→ Task prompt:
Before copying, remove every picture, and then repeat all entries below precisely as written.

*** Opening Data ***

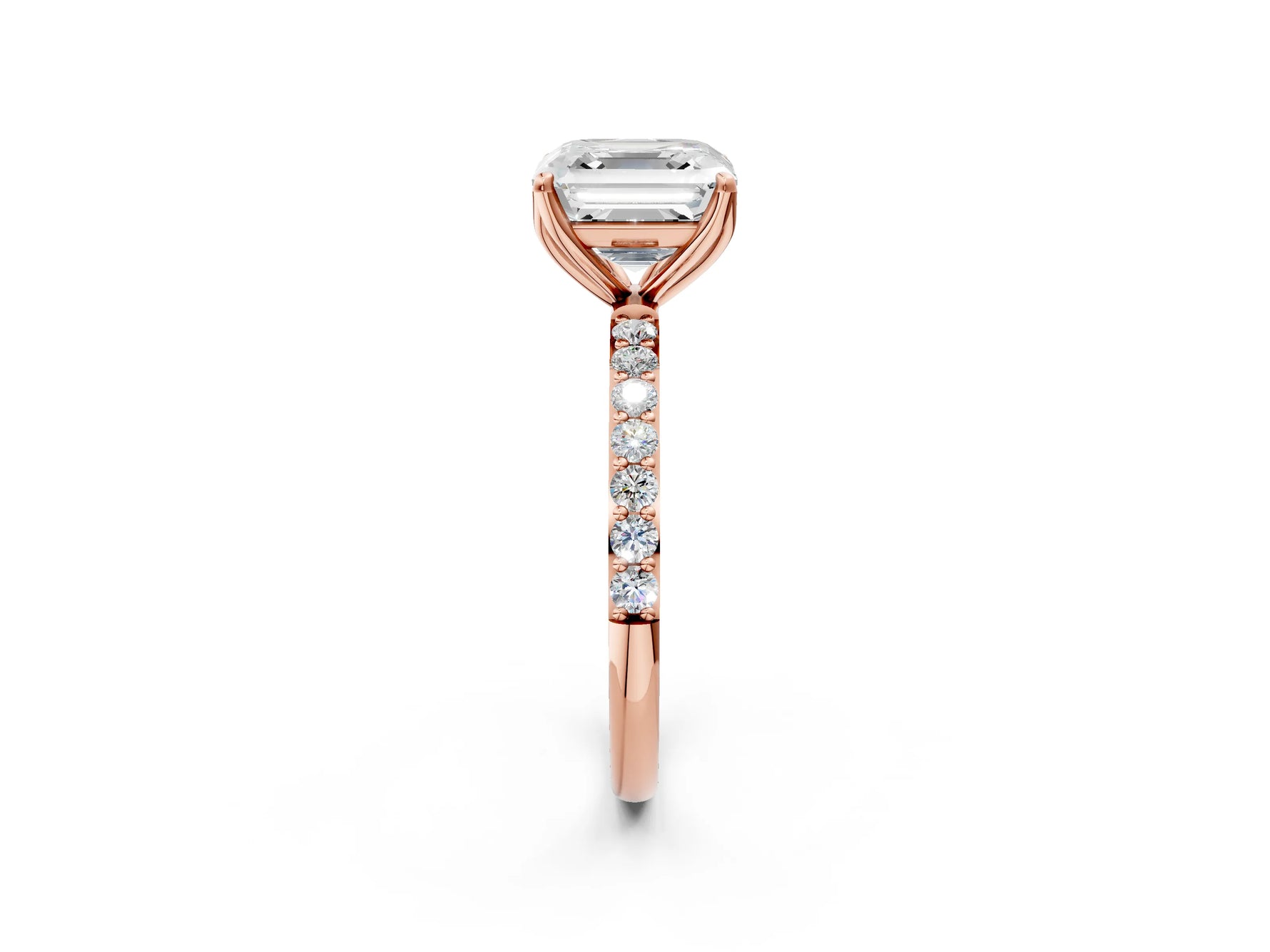 Asscher Cut Diamond Solitaire Ring in Rose gold with Round Shared Prong Pavé Band_20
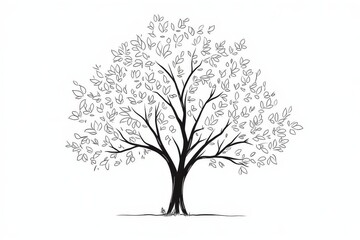 Simple bold line art oak tree clipart, clear black ink vector illustration for kids coloring, hand-drawn style with space for text on white background.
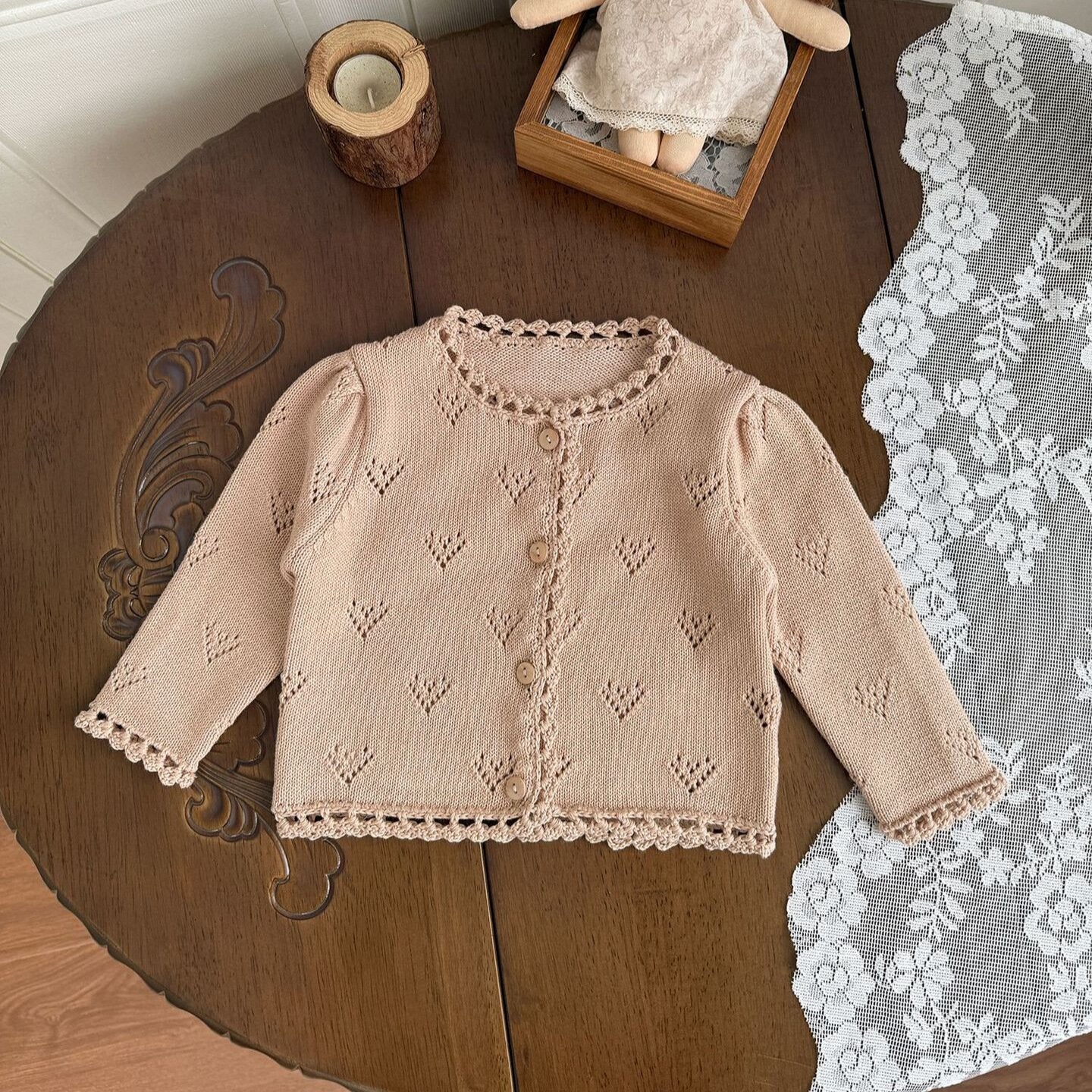 カーディガン・パーカー Khaki / 73cm Hand-Knit Style Lace Cardigan クロシェ風 レース カーディガン【mh0012157】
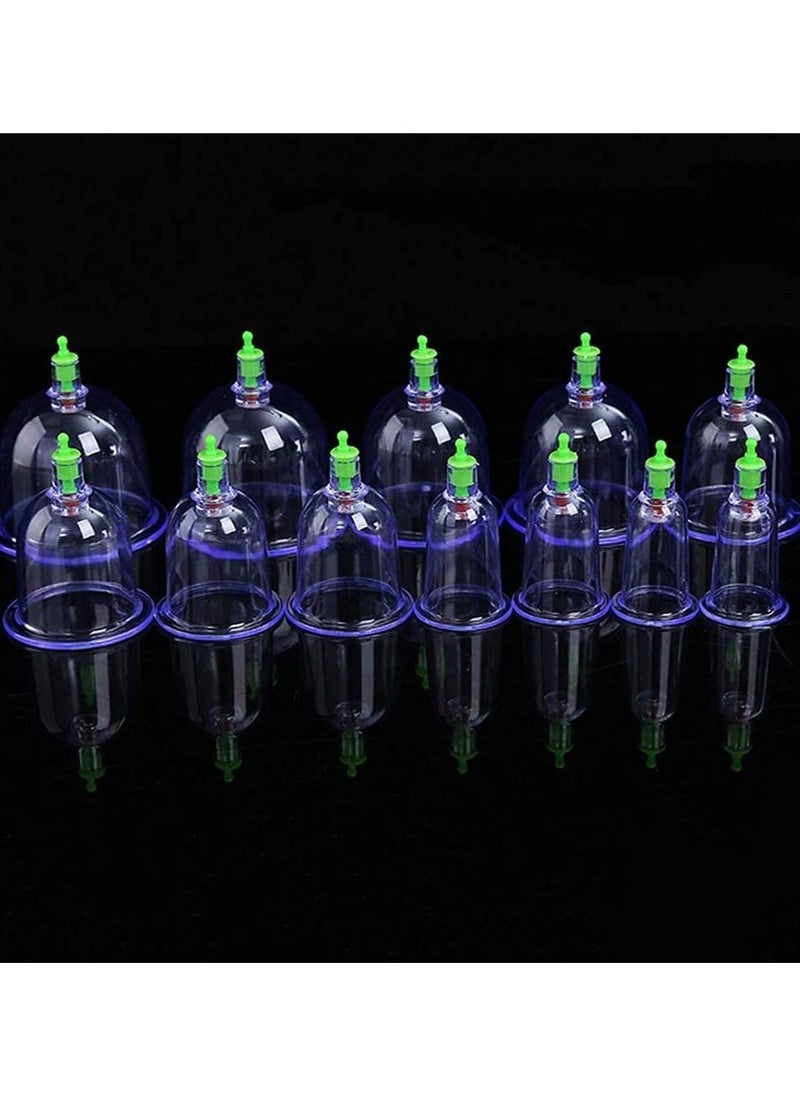 DubaiGallery Pulling Vacuum Cupping Device Chinese Medical 12 Cups/Tanks Magnetic Vacuum Body Cupping Set Portable Massage Therapy Kit  - Image 2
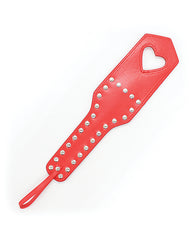 Plesur Bondage Paddle Heart Cut Out Studded Red PVC for Playful Adult Bedroom Play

*** Closing Data ***

→ Answer space:
 Asscher Cut Diamond Solitaire Ring in Rose gold with Round Shared Prong Pavé Band_20
 Simple bold line art oak tree clipart, clear black ink vector illustration for kids coloring, hand-drawn style with space for text on white background.
 カーディガン・パーカー Khaki / 73cm Hand-Knit Style Lace Cardigan クロシェ風 レース カーディガン【mh0012157】
 DubaiGallery Pulling Vacuum Cupping Device Chinese Medical 12 Cups/Tanks Magnetic Vacuum Body Cupping Set Portable Massage Therapy Kit  - Image 2
 Plesur Bondage Paddle Heart Cut Out Studded Red PVC for Playful Adult Bedroom Play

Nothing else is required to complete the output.